Why Go (Not Rust or C++)

Decision: Implement LynxDB in Go.

Alternatives: Rust, C++, Java.

Reasoning:

Factor	Go	Rust	C++	Java
Build speed	~5 sec	~60 sec	~120 sec	~30 sec
Single binary	Native (static link)	Native (static link)	Possible (complex)	Requires JVM
Cross-compilation	`GOOS=linux go build`	Possible (complex)	Very complex	JVM portability
Concurrency	Goroutines (M:N)	async/await + threads	Threads	Virtual threads
Memory safety	GC (no use-after-free)	Ownership (no GC)	Manual (risky)	GC
Ecosystem	Good (cloud-native)	Growing	Mature	Mature
Contributor pool	Large	Growing	Large	Large

The key factors:

Single static binary: Go produces statically linked binaries by default. go build gives you one file that runs anywhere -- no runtime, no shared libraries, no JVM. This is essential for LynxDB's "one binary, every scale" philosophy.
Fast compilation: Go compiles the entire LynxDB codebase in under 5 seconds.

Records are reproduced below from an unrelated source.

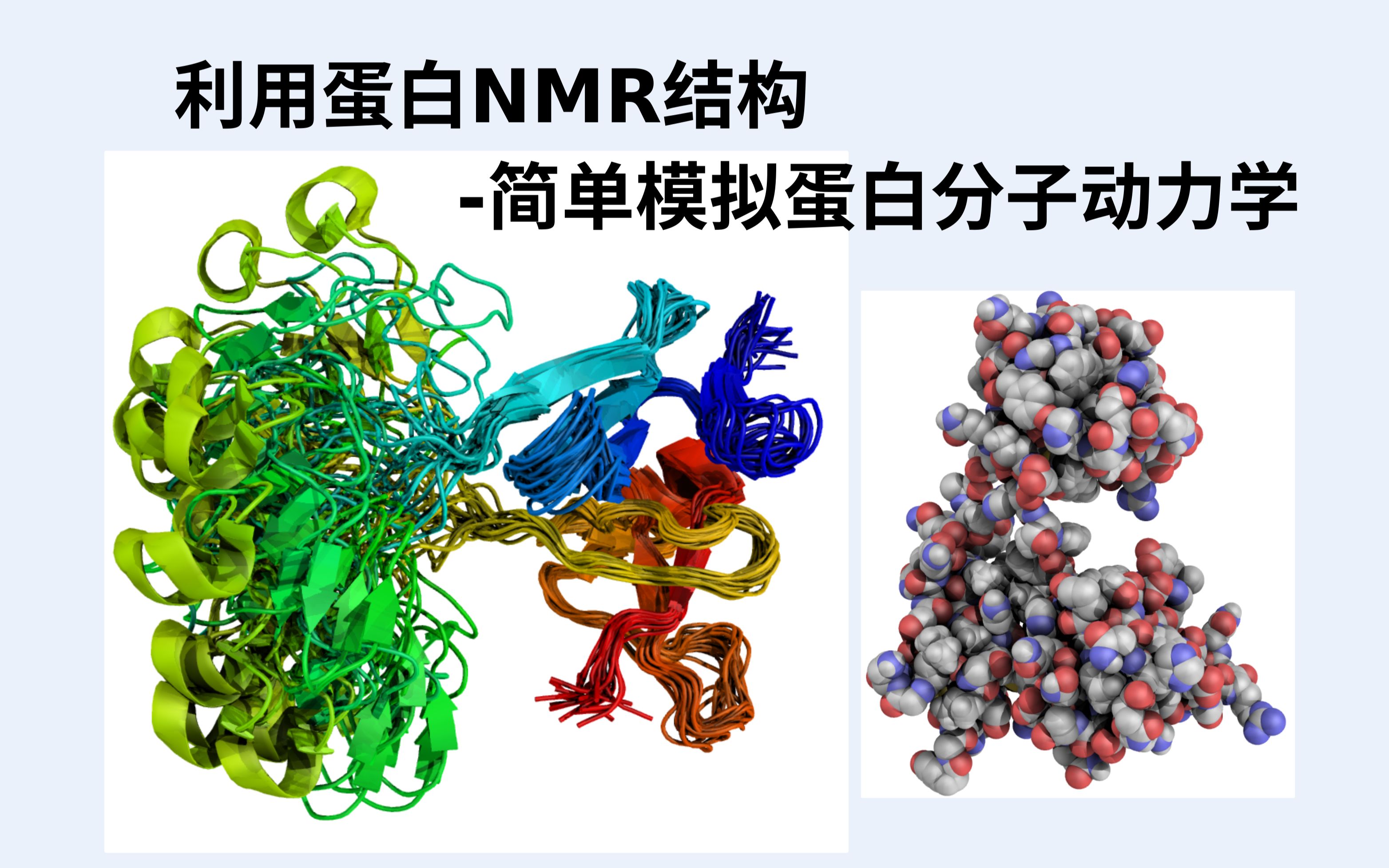 Protein & Cell∣揭示RNA结合蛋白RBM46调控减数分裂新机制-山东大学妇儿与生殖健康研究院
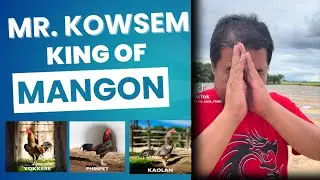 Mr. Kowsem king of mangon #mangon #yokkere #kaolan #phinpet #gofarm #kowsemfarm #viral #ayamjago 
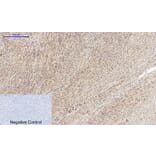 Immunohistochemistry - Anti-Cyclin A Antibody (C0165) - Antibodies.com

This matters for contributor productivity and CI/CD speed. Rust compiles can take minutes for a project this size.
Concurrency: Go's goroutines and channels are ideal for LynxDB's architecture -- concurrent ingest (async batcher + direct-to-part writes), streaming query execution (Volcano iterators pulling from multiple segments), and background operations (compaction, tiering).
Performance: Go's performance is sufficient. The bytecode VM achieves 22ns/op with zero allocations through careful design (fixed-size stack, no interfaces on the hot path). Where Go's GC could be a concern (the VM hot loop), we pre-allocate and reuse, eliminating GC pressure entirely.
Contributor accessibility: Go has a gentler learning curve than Rust. For an open-source project, this matters -- more potential contributors can ramp up quickly.

Why not Rust? Rust would give marginally better raw performance and eliminates GC pauses entirely. But LynxDB's hot paths are already zero-allocation, so GC is not a practical concern. The trade-off is significantly slower builds, a steeper contributor learning curve, and more complex cross-compilation.

Why not C++? Memory safety. A database that ingests arbitrary user data and evaluates user-provided expressions cannot afford use-after-free or buffer overflow vulnerabilities. Go's memory safety eliminates this entire class of bugs.

Why not Java? The JVM. LynxDB's idle memory footprint is ~50 MB. The JVM alone consumes hundreds of MB. A "single binary" in Java means shipping a JRE, which defeats the purpose.

Why a Single Binary

Decision: Ship one static binary that works as a CLI tool, a server, and a cluster node.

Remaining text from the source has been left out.